Auditors KPMG can’t ‘wash their hands’ of management failures, inquiry hears

Michael Fingleton arriving at the Irish Nationwide inquiry in February. Photograph: Alan Betson/The Irish Times

Michael Fingleton arriving at the Irish Nationwide inquiry in February. Photograph: Alan Betson/The Irish Times

 

A former board member of Irish Nationwide Building Society (INBS) has said he has “no reason to believe” that any correspondence from the financial regulator was not brought to the attention of the board by the society’s management.

David Brophy, who was a non-executive member of the board of INBS from March 2006 until the spring of 2009, told the inquiry into alleged breaches of lending practice at the society that that there was “nothing to indicate” to him that “anything was missing”.

Mr Brophy, a former chief executive of property group Ballymore, said there was some “frustration” on the board at the speed at which business practices were being improved, but that “to be fair” to INBS management, this was often due to the squeeze on its resources.

The expected trade sale of INBS meant the society found it difficult to recruit people in the years before the property crash.

In his time on the INBS’s audit committee, a greater priority was given to responding to any issue identified as “a gap” by the society’s external auditors KPMG, Mr Brophy said.

Auditor role

Asked about the failure of management to implement KPMG’s lending practice recommendations, Mr Brophy said the auditors couldn’t “wash their hands” of this, as the following year’s audit should have included a review of whether the changes had been implemented.

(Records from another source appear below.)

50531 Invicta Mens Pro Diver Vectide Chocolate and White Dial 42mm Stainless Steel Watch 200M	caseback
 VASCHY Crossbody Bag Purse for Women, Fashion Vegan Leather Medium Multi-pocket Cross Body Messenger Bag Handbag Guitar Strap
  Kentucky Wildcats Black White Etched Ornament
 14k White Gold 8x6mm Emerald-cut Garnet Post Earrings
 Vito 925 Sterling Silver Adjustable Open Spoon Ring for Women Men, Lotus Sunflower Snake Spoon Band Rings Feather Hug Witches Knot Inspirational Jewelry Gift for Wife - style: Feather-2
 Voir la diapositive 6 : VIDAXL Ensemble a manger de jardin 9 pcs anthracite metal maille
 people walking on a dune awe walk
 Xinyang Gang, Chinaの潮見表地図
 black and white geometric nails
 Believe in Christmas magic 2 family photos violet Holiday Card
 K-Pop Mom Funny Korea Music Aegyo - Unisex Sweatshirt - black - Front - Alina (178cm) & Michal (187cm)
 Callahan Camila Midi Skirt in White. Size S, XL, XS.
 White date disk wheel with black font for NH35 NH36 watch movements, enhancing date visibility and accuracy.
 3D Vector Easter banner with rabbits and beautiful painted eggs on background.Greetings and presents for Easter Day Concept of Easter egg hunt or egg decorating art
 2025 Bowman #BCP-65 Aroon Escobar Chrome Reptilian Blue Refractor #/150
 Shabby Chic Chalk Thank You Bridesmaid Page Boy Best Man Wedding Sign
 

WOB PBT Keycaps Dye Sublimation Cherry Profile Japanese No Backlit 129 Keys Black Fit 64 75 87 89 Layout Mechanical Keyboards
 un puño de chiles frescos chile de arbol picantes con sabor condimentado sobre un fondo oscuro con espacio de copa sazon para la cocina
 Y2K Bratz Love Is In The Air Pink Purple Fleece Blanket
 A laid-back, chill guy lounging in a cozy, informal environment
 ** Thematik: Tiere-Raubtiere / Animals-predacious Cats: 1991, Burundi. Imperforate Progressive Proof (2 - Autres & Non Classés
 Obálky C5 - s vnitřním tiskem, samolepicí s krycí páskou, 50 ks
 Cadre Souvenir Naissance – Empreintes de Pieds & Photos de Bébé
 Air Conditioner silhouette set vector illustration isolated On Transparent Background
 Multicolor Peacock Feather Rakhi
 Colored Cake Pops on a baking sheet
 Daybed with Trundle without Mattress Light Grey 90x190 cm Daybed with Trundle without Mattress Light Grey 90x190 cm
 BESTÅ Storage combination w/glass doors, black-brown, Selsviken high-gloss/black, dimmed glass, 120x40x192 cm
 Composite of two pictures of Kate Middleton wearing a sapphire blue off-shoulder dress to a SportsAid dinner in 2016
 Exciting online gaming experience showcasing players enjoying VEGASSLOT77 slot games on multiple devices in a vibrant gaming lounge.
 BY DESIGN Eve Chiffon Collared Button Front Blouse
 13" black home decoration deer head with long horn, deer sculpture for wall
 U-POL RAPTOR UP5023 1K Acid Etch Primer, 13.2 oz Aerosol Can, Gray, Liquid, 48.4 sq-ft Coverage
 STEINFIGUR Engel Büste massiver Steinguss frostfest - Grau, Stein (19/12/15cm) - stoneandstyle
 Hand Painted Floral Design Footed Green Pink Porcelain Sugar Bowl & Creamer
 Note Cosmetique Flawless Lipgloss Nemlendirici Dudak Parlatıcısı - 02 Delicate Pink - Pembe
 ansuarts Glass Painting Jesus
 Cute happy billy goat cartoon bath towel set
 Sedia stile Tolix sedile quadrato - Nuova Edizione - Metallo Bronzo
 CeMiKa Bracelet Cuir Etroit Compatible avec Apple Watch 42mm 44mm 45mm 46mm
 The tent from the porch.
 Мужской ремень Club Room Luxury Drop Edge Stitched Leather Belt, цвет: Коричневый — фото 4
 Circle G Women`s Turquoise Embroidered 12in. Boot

“It would by pretty remiss if they hadn’t checked,” he said.

KPMG audit partner Vincent Reilly is due to appear as a witness on Thursday.

The inquiry is seeking to establish if former INBS managing director Michael Fingleton and three other former managers of the building society were involved in seven so-called contraventions at INBS between August 2004 and September 2008.

The others are former INBS finance director Stan Purcell, former commercial lending manager Tom McMenamin and Gary McCollum, who once led the society’s UK lending activities from Belfast. Mr Fingleton and Mr Purcell are both representing themselves at the inquiry.

The inquiry resumes on Thursday with Mr Fingleton continuing his cross-examination of Mr Brophy, followed by questions to the next witness to the inquiry, KPMG audit partner Mr Reilly.